The Supreme Court heard two oral arguments on Wednesday. I’m predicting the winners based on the method of counting the number of questions. After 17 decisions handed down, my predictions have been correct 65% of the time, which means I have fallen off after going 100% correct in the first 6 decisions.
The first case, EEOC v. Abercrombie & Fitch, asks whether an employer can be liable under Title VII of the Civil Rights Act of 1964 for refusing to hire an applicant or discharging an employee based on a “religious observance and practice” only if the employer has actual knowledge that a religious accommodation was required and the employer’s actual knowledge resulted from direct, explicit notice from the applicant or employee.
As Figure 1 shows, the total question count favors the Petitioner (Solicitor General for the EEOC): the SG received 43 questions, while the Respondent (Abercrombie) received 48 questions.
The question count by Justice indicates a split along ideological lines. The 4 liberal Justices asked Abercrombie more questions, which favors the SG: Ginsburg (+8), Breyer (+9), Sotomayor (+6), and Kagan (+1). Three of the conservative Justices asked the SG more questions: Roberts (+3), Scalia (+15) and Kennedy (+5).
Justice Alito appears to be the key vote. Departing from the conservatives, he asked the Respondent 4 more questions, which at least suggests a possible leaning to the SG’s position. It would be a little surprising to have a block of Justice Alito and the four liberal Justices. But, based on both the total question count and question count by individual Justice, I’ll go with a victory for the EEOC (SG), which sought a reversal of the Tenth Circuit’s decision.
The second case, Baker Botts LLP v. ASARCO, LLC, asks whether Section 330(a) of the Bankruptcy Code grants bankruptcy judges discretion to award compensation for the defense of a fee application.
As Figure 2 shows, the total question count favors the Respondent ASARCO: the Petitioner’s side received 49 questions (Petitioner Baker Botts received 28 questions, the SG as amicus curiae supporting Petitioner received 21 questions), while the Respondent received 30 questions.

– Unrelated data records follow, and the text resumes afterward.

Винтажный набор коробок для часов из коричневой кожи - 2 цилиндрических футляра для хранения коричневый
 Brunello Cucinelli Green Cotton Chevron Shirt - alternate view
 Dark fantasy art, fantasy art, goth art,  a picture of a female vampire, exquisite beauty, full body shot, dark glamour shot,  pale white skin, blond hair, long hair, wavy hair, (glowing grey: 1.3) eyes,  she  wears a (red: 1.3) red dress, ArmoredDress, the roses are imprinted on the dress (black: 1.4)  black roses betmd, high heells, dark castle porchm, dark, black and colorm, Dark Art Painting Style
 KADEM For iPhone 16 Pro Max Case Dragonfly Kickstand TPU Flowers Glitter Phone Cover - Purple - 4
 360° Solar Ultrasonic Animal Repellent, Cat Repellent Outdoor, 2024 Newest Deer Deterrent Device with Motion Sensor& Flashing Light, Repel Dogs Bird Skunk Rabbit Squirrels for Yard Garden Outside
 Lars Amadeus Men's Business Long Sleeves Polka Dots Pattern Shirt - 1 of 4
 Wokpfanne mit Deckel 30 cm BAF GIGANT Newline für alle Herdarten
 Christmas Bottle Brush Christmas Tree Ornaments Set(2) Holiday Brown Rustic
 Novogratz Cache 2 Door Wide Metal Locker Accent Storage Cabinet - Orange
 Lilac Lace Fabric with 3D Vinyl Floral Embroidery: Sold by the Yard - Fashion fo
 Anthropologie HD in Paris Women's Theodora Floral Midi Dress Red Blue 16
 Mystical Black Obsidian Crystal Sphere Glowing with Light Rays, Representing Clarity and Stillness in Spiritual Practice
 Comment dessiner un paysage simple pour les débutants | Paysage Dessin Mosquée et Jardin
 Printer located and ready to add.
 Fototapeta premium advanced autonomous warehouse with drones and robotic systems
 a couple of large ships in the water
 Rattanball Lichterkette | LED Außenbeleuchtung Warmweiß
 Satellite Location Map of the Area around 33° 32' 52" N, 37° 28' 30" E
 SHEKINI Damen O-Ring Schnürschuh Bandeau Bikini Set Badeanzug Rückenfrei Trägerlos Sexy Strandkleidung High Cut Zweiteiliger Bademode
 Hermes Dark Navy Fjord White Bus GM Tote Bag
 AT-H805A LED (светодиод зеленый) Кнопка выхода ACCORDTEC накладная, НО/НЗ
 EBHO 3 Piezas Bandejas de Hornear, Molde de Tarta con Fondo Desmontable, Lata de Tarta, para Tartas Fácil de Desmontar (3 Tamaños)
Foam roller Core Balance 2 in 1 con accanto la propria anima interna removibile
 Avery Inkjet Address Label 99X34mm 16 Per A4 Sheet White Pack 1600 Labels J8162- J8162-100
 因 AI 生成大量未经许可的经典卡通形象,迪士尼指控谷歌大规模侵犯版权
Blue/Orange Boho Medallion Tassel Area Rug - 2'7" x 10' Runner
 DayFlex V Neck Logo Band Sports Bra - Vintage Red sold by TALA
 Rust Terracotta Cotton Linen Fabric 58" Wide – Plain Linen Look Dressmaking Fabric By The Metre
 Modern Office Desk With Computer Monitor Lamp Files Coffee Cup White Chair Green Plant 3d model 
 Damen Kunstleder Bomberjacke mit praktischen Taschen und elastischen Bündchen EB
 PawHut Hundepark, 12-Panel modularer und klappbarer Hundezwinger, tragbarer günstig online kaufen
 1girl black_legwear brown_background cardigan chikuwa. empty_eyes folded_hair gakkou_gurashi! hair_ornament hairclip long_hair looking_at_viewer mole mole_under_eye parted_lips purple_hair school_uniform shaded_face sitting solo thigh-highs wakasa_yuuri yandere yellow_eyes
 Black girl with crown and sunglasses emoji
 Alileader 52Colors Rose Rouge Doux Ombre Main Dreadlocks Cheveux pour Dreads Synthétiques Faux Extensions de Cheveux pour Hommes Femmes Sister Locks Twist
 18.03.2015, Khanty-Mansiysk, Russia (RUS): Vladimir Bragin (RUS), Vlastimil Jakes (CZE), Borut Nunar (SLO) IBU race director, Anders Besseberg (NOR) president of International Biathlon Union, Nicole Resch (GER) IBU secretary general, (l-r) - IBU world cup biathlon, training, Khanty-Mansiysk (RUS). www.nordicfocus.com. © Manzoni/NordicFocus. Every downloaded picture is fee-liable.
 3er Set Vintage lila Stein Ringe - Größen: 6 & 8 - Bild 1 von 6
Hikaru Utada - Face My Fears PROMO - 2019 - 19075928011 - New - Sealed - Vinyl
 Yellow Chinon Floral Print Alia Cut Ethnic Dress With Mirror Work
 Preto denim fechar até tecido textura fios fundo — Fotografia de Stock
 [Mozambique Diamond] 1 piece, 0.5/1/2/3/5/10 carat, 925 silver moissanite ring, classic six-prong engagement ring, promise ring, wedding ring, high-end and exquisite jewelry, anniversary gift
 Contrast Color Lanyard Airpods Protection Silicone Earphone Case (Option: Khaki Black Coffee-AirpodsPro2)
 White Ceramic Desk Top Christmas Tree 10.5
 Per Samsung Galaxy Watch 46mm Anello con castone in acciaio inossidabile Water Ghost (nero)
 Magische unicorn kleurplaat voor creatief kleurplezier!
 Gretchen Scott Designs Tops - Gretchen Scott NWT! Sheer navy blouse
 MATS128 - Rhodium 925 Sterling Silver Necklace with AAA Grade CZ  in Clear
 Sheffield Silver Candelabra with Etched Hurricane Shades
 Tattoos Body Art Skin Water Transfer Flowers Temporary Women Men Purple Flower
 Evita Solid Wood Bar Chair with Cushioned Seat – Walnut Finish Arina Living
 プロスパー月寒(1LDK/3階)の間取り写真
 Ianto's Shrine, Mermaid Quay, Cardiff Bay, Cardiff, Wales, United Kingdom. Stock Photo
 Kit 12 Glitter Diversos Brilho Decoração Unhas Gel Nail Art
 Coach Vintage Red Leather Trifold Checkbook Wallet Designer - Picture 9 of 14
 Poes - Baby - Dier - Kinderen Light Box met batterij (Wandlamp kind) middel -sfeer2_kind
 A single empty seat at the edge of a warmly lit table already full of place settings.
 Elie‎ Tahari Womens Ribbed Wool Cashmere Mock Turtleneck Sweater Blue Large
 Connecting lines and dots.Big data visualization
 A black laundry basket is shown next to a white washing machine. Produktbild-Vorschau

The 19 more questions to the Petitioner’s side is a large difference, even when discounting for the fact that the Petitioner’s side had two attorneys (which may inflate somewhat the number of questions for that side). Unless the Justices were just tired in asking the Respondent questions as the last advocate in the last oral argument for the month of February, their relative lack of questions for the Respondent (30 questions is a small amount, below the mean for oral argument) seems to bode well for that side. I’ll go with a win for the Respondent (ASARCO).